• Work required:
Look through the records below for the line holding "cute penguin dressed". Write it out exactly, with each following line through the line holding "Shop Design High-end".

• Data excerpts:
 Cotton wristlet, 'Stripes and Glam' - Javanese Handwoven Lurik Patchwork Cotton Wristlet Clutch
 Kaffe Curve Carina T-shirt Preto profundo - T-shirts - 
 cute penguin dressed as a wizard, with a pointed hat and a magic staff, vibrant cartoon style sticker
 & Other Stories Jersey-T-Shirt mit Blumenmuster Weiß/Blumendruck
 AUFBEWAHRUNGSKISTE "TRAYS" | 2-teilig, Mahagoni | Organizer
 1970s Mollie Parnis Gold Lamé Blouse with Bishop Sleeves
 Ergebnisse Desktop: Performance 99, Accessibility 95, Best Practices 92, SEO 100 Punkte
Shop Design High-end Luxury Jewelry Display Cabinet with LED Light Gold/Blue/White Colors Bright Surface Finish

--

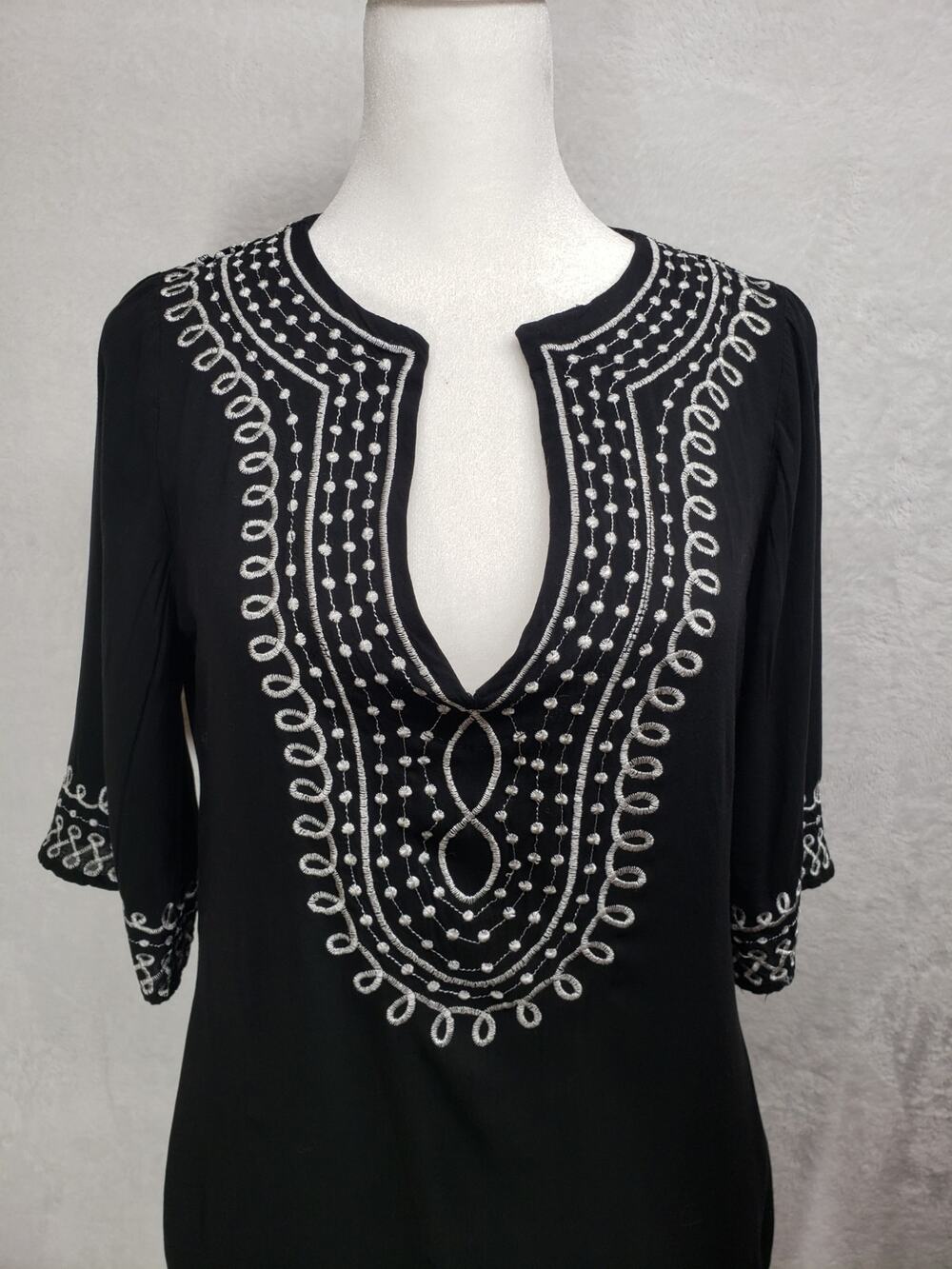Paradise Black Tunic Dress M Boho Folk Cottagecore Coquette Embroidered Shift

...

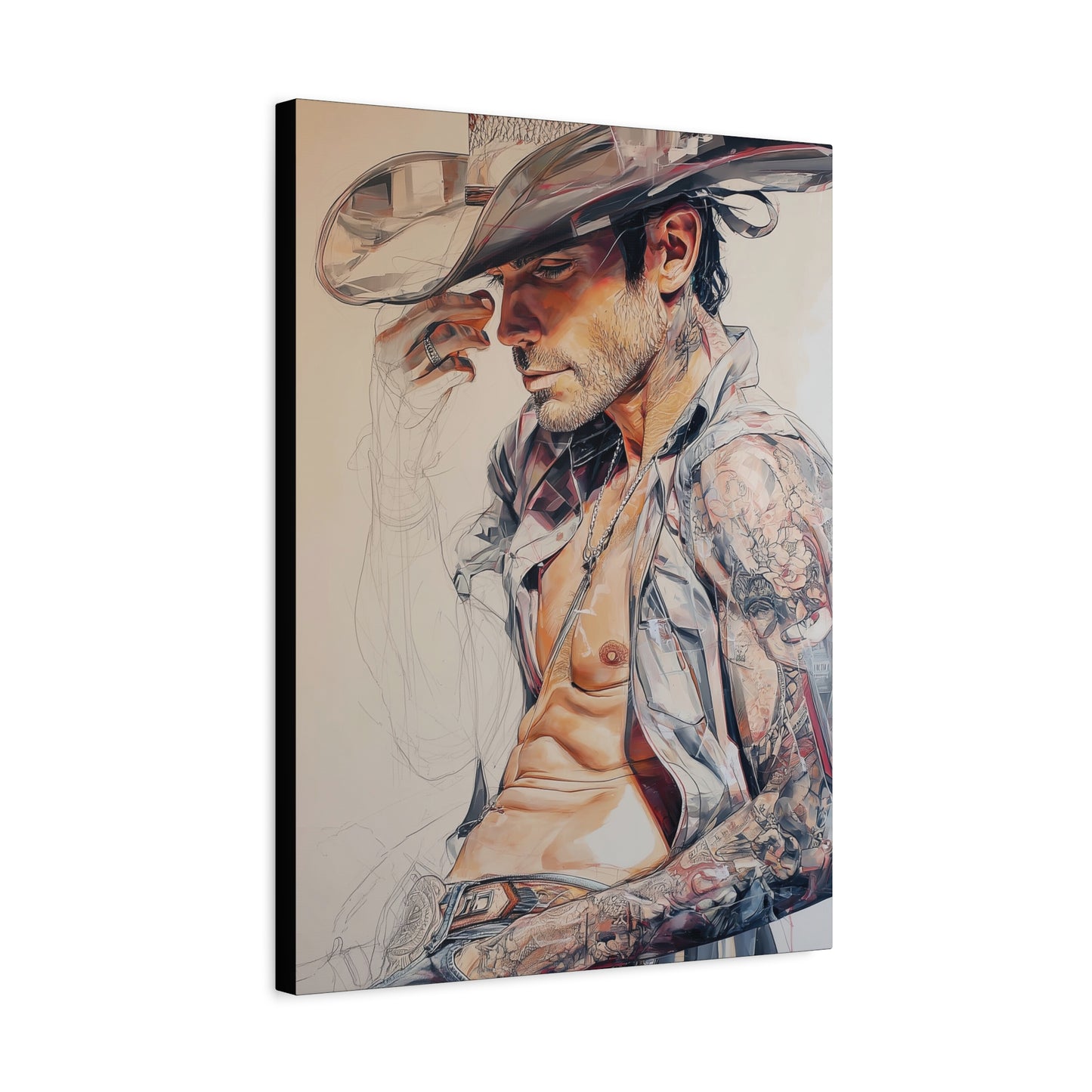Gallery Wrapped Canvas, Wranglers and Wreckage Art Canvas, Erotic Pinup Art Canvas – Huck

• Answer area:
 cute penguin dressed as a wizard, with a pointed hat and a magic staff, vibrant cartoon style sticker
 & Other Stories Jersey-T-Shirt mit Blumenmuster Weiß/Blumendruck
 AUFBEWAHRUNGSKISTE "TRAYS" | 2-teilig, Mahagoni | Organizer
 1970s Mollie Parnis Gold Lamé Blouse with Bishop Sleeves
 Ergebnisse Desktop: Performance 99, Accessibility 95, Best Practices 92, SEO 100 Punkte
Shop Design High-end Luxury Jewelry Display Cabinet with LED Light Gold/Blue/White Colors Bright Surface Finish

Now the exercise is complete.